▶ **SOURCE RECORDS**:
● ● ● ● ●

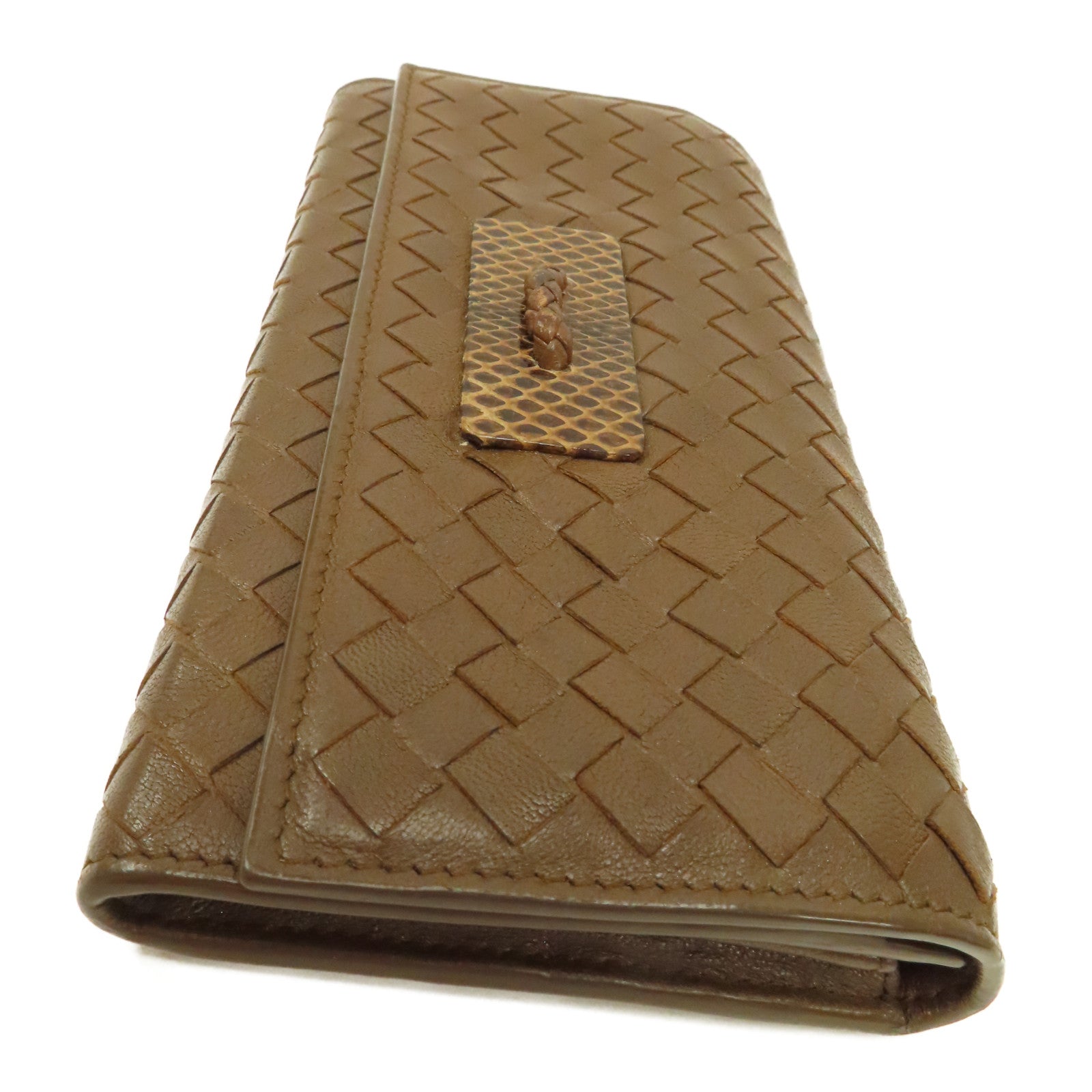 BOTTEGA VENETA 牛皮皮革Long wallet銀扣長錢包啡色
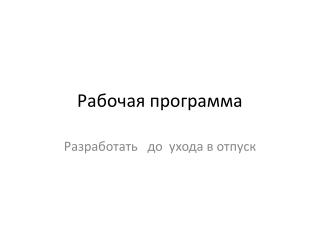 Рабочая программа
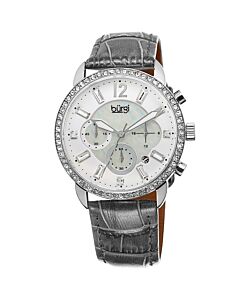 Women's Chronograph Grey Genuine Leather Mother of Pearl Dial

● ● ● ● ●

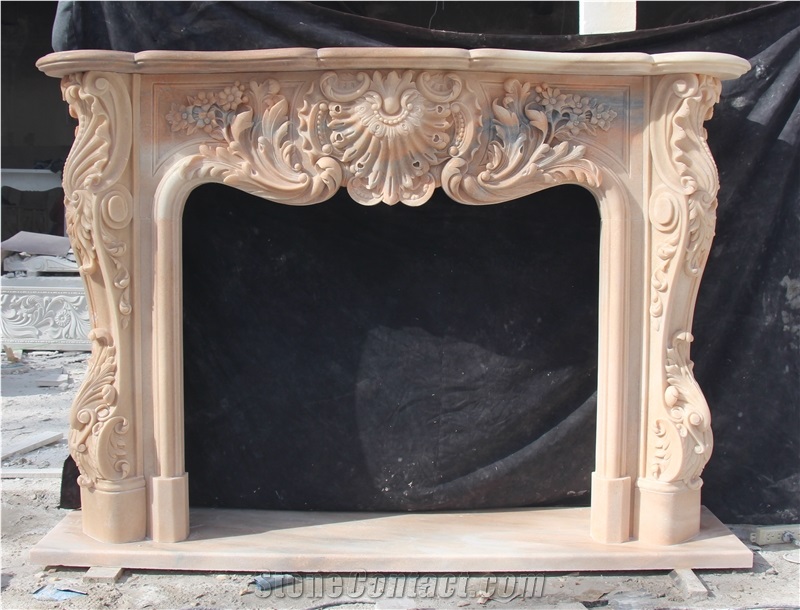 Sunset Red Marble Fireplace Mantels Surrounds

● ● ● ● ●

Work from the entries above. Set down exactly and only the lines from the line with "BOTTEGA VENETA 牛皮皮革Long wallet銀扣長錢包啡色" to the line with "Women's Chronograph Grey", both included, and leave the pictures out.

▶ **COMPLETED TASK**:
 BOTTEGA VENETA 牛皮皮革Long wallet銀扣長錢包啡色
 Рабочая программа
 Women's Chronograph Grey Genuine Leather Mother of Pearl Dial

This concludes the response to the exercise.